[Work item]:
Copy every line from the material below that holds "semillas".

++++

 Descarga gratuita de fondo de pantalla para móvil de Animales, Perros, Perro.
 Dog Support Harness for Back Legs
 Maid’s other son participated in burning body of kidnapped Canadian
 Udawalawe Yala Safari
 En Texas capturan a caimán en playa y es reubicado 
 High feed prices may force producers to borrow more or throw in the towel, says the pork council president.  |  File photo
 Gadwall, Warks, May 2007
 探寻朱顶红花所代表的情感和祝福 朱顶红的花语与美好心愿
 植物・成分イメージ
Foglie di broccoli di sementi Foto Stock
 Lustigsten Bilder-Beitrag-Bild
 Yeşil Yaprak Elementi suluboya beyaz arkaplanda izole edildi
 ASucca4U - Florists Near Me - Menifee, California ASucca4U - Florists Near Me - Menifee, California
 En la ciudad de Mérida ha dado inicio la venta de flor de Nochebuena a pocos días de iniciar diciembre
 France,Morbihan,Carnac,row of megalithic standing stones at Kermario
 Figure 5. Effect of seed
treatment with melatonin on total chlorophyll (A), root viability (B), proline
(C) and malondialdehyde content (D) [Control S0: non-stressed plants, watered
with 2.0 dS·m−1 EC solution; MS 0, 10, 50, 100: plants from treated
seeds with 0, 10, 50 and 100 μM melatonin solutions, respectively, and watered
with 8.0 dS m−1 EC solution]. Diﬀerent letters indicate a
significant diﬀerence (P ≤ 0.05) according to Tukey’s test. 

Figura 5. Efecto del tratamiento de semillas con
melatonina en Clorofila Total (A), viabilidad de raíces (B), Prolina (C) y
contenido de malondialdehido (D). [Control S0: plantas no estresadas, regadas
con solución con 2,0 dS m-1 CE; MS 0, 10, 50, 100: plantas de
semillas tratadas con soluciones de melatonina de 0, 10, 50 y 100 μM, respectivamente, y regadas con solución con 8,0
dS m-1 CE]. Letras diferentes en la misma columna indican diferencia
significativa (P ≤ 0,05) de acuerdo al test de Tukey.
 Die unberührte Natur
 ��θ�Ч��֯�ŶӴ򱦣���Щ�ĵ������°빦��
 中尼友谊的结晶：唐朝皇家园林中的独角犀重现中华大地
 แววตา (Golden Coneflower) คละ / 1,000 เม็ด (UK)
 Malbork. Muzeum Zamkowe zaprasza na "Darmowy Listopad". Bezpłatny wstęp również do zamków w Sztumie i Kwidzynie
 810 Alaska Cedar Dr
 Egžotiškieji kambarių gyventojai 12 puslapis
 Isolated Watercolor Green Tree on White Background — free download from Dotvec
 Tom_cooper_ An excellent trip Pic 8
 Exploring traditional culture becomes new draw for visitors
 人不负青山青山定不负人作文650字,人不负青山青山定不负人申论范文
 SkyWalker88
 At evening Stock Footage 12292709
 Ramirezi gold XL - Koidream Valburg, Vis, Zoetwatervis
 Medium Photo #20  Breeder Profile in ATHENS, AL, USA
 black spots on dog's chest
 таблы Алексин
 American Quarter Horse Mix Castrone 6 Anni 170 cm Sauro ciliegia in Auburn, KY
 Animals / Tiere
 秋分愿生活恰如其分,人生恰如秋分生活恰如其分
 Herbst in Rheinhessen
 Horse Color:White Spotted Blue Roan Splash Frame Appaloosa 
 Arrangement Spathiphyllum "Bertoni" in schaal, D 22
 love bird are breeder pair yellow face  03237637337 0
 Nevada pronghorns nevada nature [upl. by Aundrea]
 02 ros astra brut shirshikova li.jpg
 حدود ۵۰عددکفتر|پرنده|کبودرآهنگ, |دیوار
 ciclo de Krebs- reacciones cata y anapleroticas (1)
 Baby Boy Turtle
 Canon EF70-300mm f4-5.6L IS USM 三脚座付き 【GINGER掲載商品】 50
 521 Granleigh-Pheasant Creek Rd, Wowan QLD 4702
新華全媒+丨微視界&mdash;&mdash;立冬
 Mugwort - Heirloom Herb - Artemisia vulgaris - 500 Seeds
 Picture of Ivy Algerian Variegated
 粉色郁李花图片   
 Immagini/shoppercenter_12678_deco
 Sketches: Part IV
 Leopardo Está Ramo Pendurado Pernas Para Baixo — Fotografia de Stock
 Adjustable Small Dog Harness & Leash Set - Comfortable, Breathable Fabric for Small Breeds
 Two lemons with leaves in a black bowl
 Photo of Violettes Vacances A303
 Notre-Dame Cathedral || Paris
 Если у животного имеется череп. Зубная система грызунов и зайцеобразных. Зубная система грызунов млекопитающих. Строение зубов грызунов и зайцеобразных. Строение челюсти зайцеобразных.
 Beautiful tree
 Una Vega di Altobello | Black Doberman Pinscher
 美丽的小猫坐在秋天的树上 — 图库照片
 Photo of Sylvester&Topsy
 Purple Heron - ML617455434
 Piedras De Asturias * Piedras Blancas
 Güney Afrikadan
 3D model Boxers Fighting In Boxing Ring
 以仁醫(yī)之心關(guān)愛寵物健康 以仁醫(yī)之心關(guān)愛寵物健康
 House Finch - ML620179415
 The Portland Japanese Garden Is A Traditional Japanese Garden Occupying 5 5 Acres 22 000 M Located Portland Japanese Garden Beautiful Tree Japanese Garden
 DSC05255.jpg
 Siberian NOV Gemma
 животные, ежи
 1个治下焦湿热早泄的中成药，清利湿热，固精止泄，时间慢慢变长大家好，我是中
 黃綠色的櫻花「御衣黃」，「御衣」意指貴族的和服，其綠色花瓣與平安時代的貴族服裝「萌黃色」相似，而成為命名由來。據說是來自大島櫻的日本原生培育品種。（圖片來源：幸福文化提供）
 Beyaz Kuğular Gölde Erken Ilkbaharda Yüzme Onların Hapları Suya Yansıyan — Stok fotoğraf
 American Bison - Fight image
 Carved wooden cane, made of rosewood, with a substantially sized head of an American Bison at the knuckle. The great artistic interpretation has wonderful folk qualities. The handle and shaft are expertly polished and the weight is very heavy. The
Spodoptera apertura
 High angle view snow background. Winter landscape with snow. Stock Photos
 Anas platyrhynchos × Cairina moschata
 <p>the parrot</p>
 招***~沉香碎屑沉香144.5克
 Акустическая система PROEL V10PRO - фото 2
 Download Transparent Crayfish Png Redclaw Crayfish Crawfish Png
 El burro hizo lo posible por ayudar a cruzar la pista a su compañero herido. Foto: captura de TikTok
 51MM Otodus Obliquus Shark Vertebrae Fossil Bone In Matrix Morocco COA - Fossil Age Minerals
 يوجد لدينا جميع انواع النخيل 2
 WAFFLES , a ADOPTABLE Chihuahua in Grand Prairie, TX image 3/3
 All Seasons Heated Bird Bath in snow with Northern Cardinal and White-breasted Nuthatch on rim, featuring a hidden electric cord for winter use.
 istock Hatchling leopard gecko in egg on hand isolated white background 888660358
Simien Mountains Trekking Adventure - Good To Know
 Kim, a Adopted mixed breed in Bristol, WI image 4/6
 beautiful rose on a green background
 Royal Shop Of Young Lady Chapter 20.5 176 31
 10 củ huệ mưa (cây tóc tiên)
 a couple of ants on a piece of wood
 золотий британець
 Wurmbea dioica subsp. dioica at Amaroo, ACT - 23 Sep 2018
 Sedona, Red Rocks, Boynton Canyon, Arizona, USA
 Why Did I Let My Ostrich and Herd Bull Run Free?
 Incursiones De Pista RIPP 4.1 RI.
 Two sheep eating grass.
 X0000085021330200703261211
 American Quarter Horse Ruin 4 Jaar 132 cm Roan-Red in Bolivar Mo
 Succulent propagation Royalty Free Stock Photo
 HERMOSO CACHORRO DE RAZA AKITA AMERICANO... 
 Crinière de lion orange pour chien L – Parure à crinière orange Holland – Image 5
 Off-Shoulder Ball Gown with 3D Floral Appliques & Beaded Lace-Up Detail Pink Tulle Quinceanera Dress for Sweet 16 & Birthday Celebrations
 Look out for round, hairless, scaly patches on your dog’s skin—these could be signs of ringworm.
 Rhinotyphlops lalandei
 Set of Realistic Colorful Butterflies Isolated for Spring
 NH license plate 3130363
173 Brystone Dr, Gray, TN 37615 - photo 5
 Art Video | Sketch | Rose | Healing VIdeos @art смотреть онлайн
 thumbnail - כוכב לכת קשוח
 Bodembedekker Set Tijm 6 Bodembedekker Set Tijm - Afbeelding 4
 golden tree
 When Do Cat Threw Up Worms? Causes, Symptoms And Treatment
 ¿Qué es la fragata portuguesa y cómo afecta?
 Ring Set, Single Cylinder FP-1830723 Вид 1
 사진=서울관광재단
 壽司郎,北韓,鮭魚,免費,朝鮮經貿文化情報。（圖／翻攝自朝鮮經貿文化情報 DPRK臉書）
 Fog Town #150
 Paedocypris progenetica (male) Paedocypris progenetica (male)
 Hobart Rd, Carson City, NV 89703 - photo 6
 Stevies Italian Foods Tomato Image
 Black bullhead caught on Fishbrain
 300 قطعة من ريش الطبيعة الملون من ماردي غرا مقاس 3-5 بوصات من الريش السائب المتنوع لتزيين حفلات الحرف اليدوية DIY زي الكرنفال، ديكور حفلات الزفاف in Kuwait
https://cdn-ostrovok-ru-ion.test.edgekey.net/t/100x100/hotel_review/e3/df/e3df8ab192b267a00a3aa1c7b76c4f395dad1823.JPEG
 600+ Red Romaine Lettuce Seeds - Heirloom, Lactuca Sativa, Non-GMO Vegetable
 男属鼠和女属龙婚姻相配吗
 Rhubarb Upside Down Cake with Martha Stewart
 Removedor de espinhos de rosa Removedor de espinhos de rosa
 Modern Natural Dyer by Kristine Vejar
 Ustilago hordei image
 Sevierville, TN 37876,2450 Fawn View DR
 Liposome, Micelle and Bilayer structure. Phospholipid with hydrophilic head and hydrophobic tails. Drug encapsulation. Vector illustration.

++++

[The answer]:
Figura 5. Efecto del tratamiento de semillas con
semillas tratadas con soluciones de melatonina de 0, 10, 50 y 100 μM, respectivamente, y regadas con solución con 8,0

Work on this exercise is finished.